For that purpose, they have implemented Sage Science's Pippin Prep, a gel-based automated DNA size-selection and collection instrument. The Broad currently has eight Pippin Prep instruments, allowing it to do almost 500 size selections per week.
In order to reduce the loss of GC-rich DNA during the PCR step of the Illumina sample-prep process, the institute has also altered PCR conditions by using additives, a special polymerase, and optimizing cycling, she said.
Multiplexing samples was especially important in order to keep the 454 platform competitive "despite its high run cost," Lennon said, so the Broad introduced molecular barcodes that can be added "at various stages of the process."
With the increased throughput of the Illumina HiSeq, barcoding or indexing is also becoming more important for that platform, he added. Barcoding also helps to detect contamination, Connolly said. For the Illumina, the institute has devised 8-base barcodes that can be introduced early in the process.
Due to all of these changes, a single technician is now capable of generating 96 454 libraries in two days, and of performing almost 800 DNA captures per week, or about 3,200 per month, a number that is "going to continue to rise," Lennon said.
[ pagebreak ]
According to Connolly, the institute has scaled up from 12 Illumina libraries per technician and week to more than 1,000 Illumina libraries per week, and with "a minimal capital purchase," it could generate more than 3,800 Illumina libraries per week by early next year.
In terms of multiplexing, more than a hundred samples now run in almost every 454 run, Lennon said.
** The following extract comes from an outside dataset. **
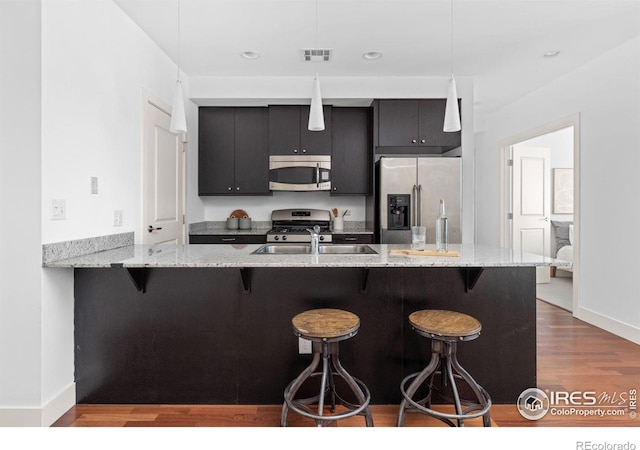 2001 Lincoln St Unit 2113, Denver, CO 80202 - kitchen featuring appliances with stainless steel finishes, a breakfast bar area, dark wood finished floors, dark cabinetry, and hanging light fixtures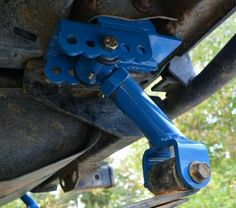 there is a blue piece of metal attached to the back of a vehicle's suspension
The cost per 454 sample has been reduced up to 40-fold, while DNA input requirements for a fragment library have been reduced from 3 micrograms to 100 to 200 nanograms.
Regarding the future of 454, he said, there will be "continued need" for small-scale sequencing that requires low coverage for many samples, and an increased need for medical resequencing — for example, to validate cancer mutations — and faster turnaround times. In addition, there will be a need for special libraries for genome finishing.
As for the Illumina platform, he said there will be an increase in demand for whole-genome shotgun libraries. The Broad will also implement barcoding and multiplexing for that system on a large scale. In addition, it plans to automate the construction of cDNA libraries in high throughput, and to work on specialized library construction from low amounts of input DNA.